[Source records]
------------------------------------

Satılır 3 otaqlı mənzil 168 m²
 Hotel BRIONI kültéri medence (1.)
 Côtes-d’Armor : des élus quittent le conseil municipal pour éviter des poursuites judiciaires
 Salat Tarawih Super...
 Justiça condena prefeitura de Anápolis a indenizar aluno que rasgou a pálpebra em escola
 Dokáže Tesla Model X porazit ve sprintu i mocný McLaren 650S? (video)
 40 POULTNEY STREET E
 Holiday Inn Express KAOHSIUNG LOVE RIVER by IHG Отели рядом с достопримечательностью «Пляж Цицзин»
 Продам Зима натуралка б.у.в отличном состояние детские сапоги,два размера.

------------------------------------

- WHAT IS NEEDED
Output nothing but the lines from the one that contains "Justiça condena prefeitura" through the final line of the entries above, exactly as they appear.

- FINISHED EXERCISE
 Justiça condena prefeitura de Anápolis a indenizar aluno que rasgou a pálpebra em escola
 Dokáže Tesla Model X porazit ve sprintu i mocný McLaren 650S? (video)
 40 POULTNEY STREET E
 Holiday Inn Express KAOHSIUNG LOVE RIVER by IHG Отели рядом с достопримечательностью «Пляж Цицзин»
 Продам Зима натуралка б.у.в отличном состояние детские сапоги,два размера.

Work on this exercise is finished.